Silvio Minieri ha detto...

Le fonti ci riferiscono che Adimanto e Glaucone muoiono nella battaglia di Megara del 407 a. C., durante la guerra del Peloponneso. Entrambi compaiono come personaggi e interlocutori di Socrate nella “Repubblica”, il dialogo composto da Platone negli anni tra il 387 e 367 a.C. In questo senso, egli sembra quasi volerne celebrare la memoria non come eroi, ma come filosofi, che per lui era la condizione più elevata dell’anima. Come detto, avremo modo di parlare meglio di quest’argomento di stretta natura filosofica, limitiamoci qui alla nostra traccia di narratologia, investigando meglio la composizione del nostro racconto apparentemente anodino.
“La scelta di Adimanto”, oggi (e non “ieri”) posso dire, è la mia scelta di autore sui destini personali dei tre fratelli: Adimanto e Glaucone, che muoiono da eroi, e Platone, che invece vive da filosofo. È questo il destino della sua anima, secondo la legge di Adrastea, letteralmente “l’Inevitabile”, una personificazione del destino. L’assegnazione della vita futura è strettamente determinata dalla misura in cui le anime, volando nel cielo al seguito del dio, hanno contemplato la pianura della verità, prima di tornare sulla terra, poiché ad essa corrisponde il grado di verità connesso alla vita in cui si reincarnano. “L'anima che, divenuta seguace del dio, abbia visto qualcuna delle verità [oltre il cielo, Iperuranio], non subisce danno fino al giro successivo, e se riesce a fare ciò ogni volta, resta intatta per sempre; qualora invece, non riuscendo a tenere dietro al dio, non abbia visto, e per qualche accidente, riempitasi di oblio e di ignavia, sia appesantita e a causa del suo peso perda le ali e cada sulla terra, allora è legge che essa non si trapianti in alcuna natura animale nella prima generazione. Invece l'anima che ha visto il maggior numero di esseri si trapianterà nel seme di un uomo destinato a diventare filosofo o amante del bello o seguace delle Muse o incline all'amore.” (Platone, “Fedro, 248cd)

[N. d. B.]
Non essendo riuscito ad esprimere bene il mio pensiero (ognuno ha i suoi limiti), rimando alla Nota di “Tra i rami degli alberi” il senso di quella mia frase: “Riservandoci di spiegare perché abbiamo allora definito anodino solo in apparenza il presente racconto, quasi avesse una sua sostanziale solidità di significato reale, che rimane velata dalla finzione.”

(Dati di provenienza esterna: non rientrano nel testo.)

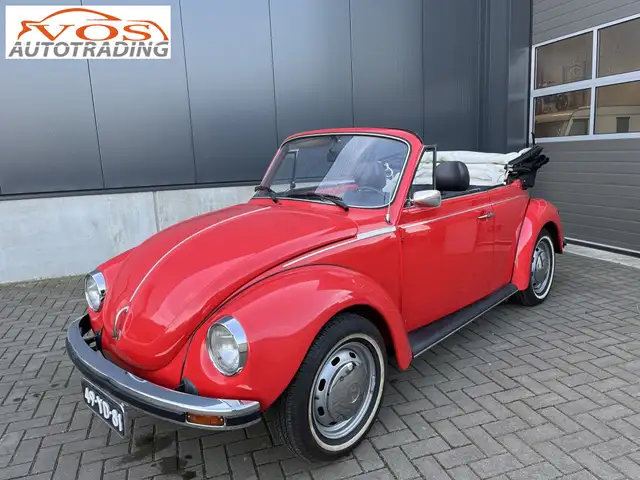 Volkswagen Kever Cabriolet 1303 LS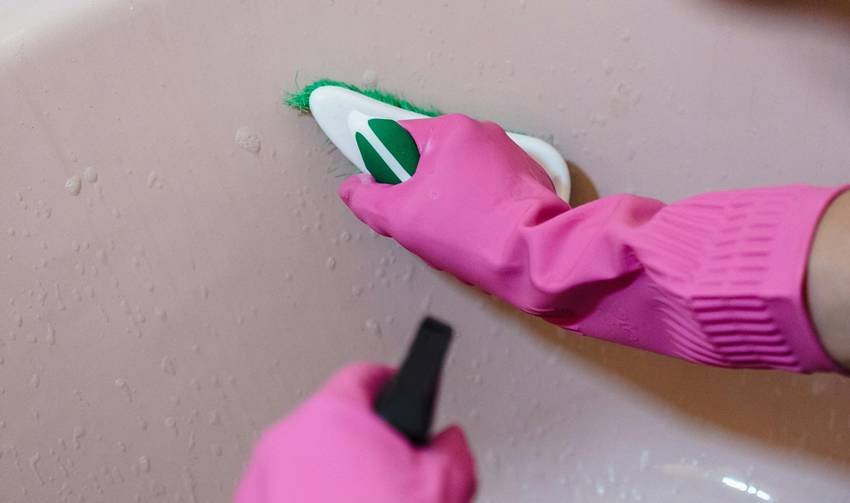 home cleaning hacks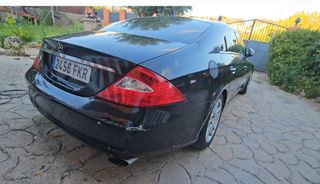 Mercedes-Benz Clase CLS 2007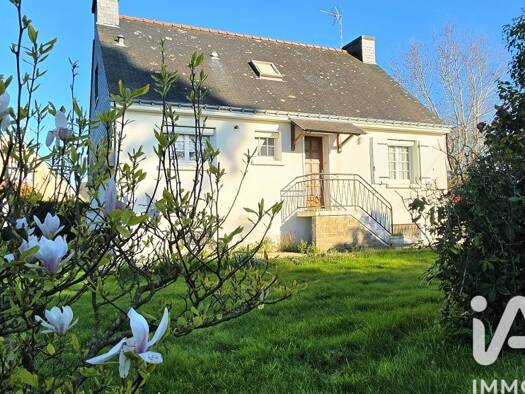 Maison à vendre 562 000 € 5 pièces 3 chambres 103 m² 1 932 m² de terrain Saint-Gildas-de-Rhuys 56730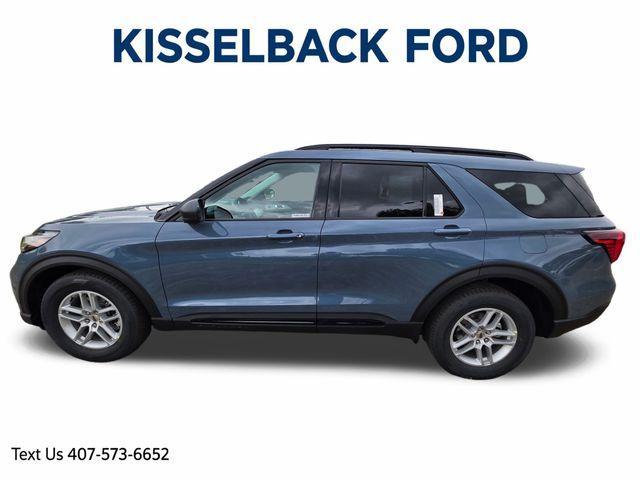 new 2026 Ford Explorer car, priced at $40,105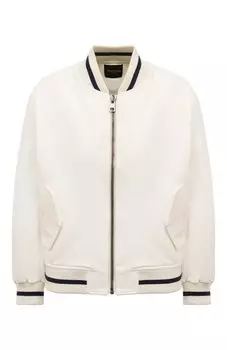 Джинсовый бомбер Simonetta Ravizza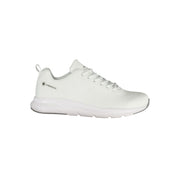 Lumberjack White Polyester Men's Sneaker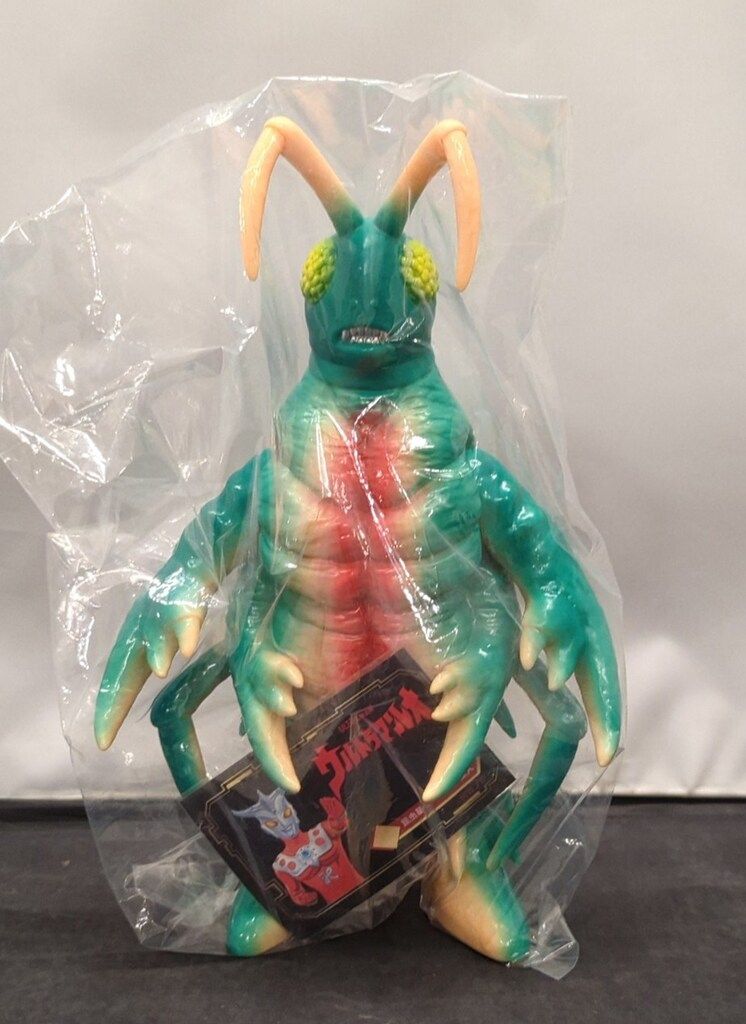 Y MSF ウルトラマンシリーズ バーミン星人 昆虫星人 - メルカリ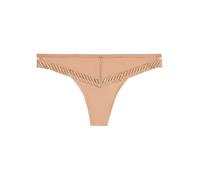AUBADE String SHEER EMOTION sand beige | 36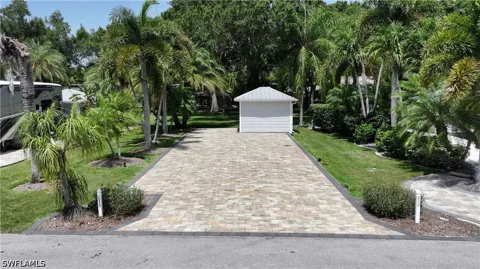 PARKWOOD DRIVE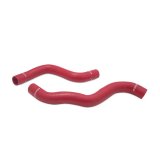 Mishimoto Mitsubishi EVO 9 Red Silicone Hose Kit thumbnail 2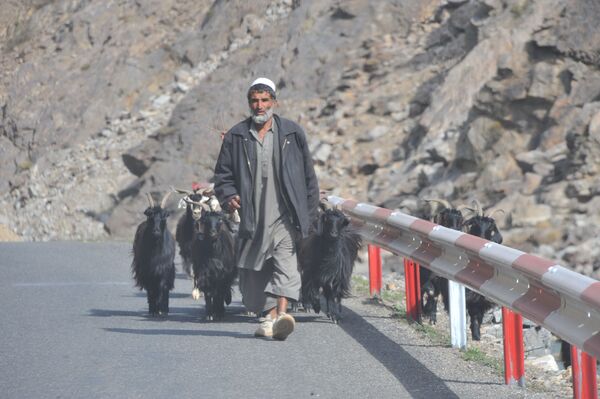 По следам далекой войны: Панджшерское ущелье 30 лет спустя - Sputnik Узбекистан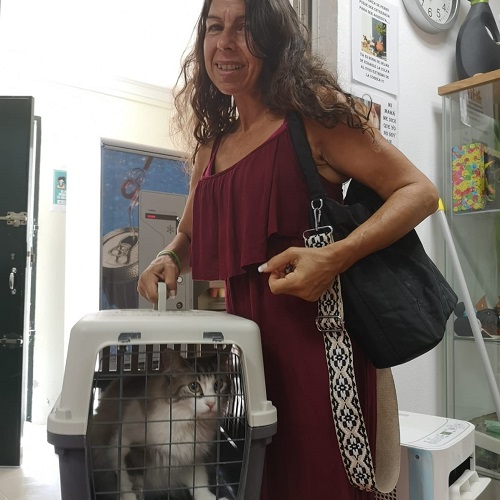 ¡Marinilla adoptada!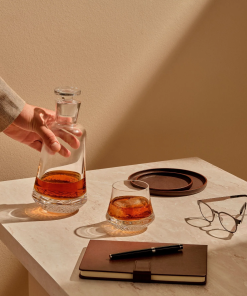 Paris Whiskey Bottle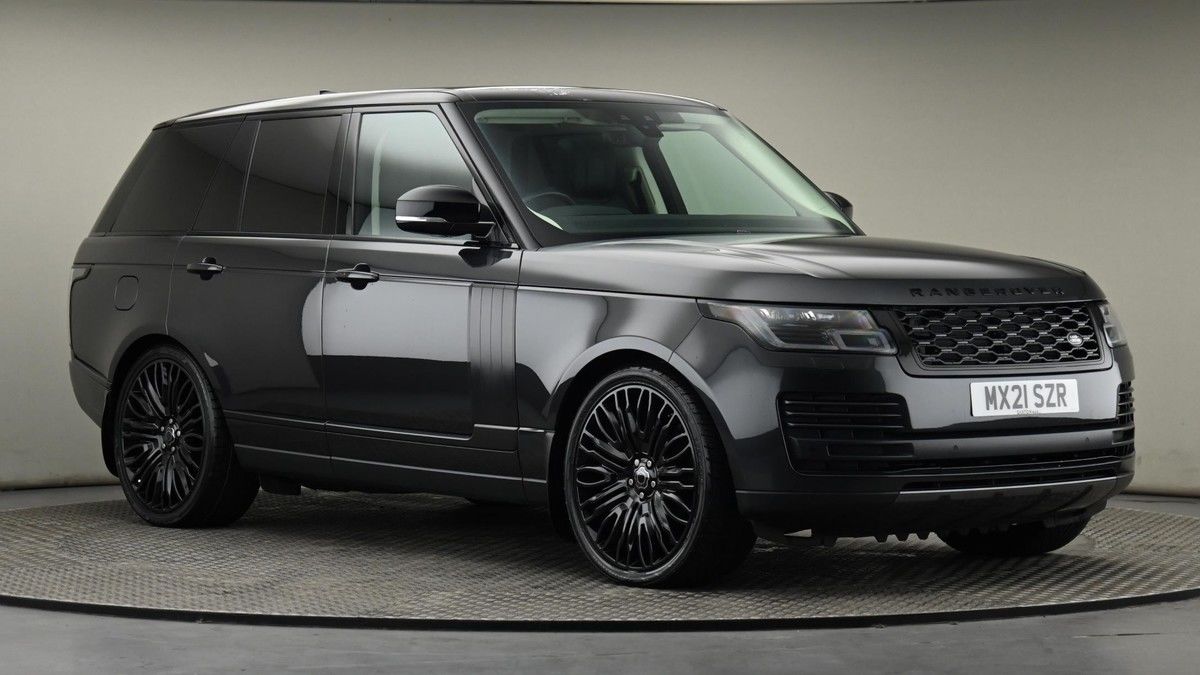 Land Rover Range Rover Image 20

Silvio Minieri ha detto...

TRA I RAMI DEGLI ALBERI monologo
Commento a “Passeggiata novembrina”

“Tra i rami degli alberi, in un lieve ondeggiare delle fronde, le gazzarre degli uccelli sembravano smarrirsi nel volo verso il cielo.”

Perché quest’ultimo racconto si è salvato dalla “apocatastasi” del Blog, che comunque anche come metafora è impropria? E diciamo metafora impropria in riferimento a quella che dovrebbe essere la restaurazione dei post, che nel tempo non possono ritornare alla loro posizione originaria, provocando una “ecpirosi”, in quanto nel Blog vige il principio entropico, tanto per rimanere nella metafora cosmica. In tal senso il rinnovamento dovrebbe portare a una nuova formulazione dei post in termini di contenuti, non più giochi né flussi di una coscienza contaminata dal quotidiano, con andamento umoristico, ma più letteratura e filosofia, almeno nelle intenzioni, come traspare dal sottotitolo della rubrica: “Rivista on-line”.